Concessões da UE para aprovar o acordo com o Mercosul: como o bloco tentou acalmar os agricultores

Para viabilizar a aprovação do acordo comercial entre a União Europeia e o Mercosul, o bloco europeu implementou uma série de medidas destinadas a proteger e compensar os seus produtores agrícolas, que se opunham veementemente ao tratado.

Nos últimos anos, agricultores de vários países europeus realizaram protestos, inclusive após a confirmação da aprovação do acordo. A principal preocupação era a concorrência com produtos do Mercosul, especialmente do Brasil, considerados mais competitivos em preço e produzidos sob normas ambientais e sanitárias diferentes.

Medidas de proteção ao agro europeu

Para responder a estas preocupações, a UE adotou as seguintes ações:

  • Salvaguardas reforçadas: O Parlamento Europeu aprovou mecanismos que permitem suspender temporariamente os benefícios tarifários do Mercosul se as importações de um produto sensível aumentarem 5% (em média de três anos), prejudicando um setor local.
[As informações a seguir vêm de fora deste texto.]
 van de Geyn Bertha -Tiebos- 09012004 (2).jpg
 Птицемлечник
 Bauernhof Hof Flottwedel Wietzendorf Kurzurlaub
O limite inicial era de 10%. Os prazos para investigações foram reduzidos pela metade.
  • Harmonização de normas: Foi proposta uma nova regra obrigando os países do Mercosul a adotarem os mesmos padrões de produção exigidos na UE.
  • Redução de custos: A Comissão Europeia anunciou a intenção de zerar tarifas de importação para fertilizantes como ureia e amônia, e de incentivar isenções temporárias da taxa de carbono sobre essas importações.
  • Apoio financeiro antecipado: A proposta orçamentária para 2028-2034 foi alterada para liberar antecipadamente cerca de 45 bilhões de euros para os agricultores.
  • Proibição de pesticidas: Em resposta a uma queixa central, a UE proibiu a importação de frutas com resíduos de três agrotóxicos específicos (tiofanato-metilo, carbendazim e benomil), reforçando os controles nas fronteiras.

O contexto da votação e os próximos passos

Apesar das concessões, países como França, Áustria, Hungria, Irlanda e Polônia votaram contra o acordo. No entanto, 21 nações votaram a favor, permitindo a sua aprovação. Alemanha e Espanha destacaram-se como fortes defensores, vendo no tratado uma forma de diversificar parcerias comerciais face às tarifas impostas pelos EUA.

A ministra da Agricultura da França, Annie Genevard, já afirmou que o país adotará medidas “unilaterais” se considerar que o setor agropecuário nacional está em risco.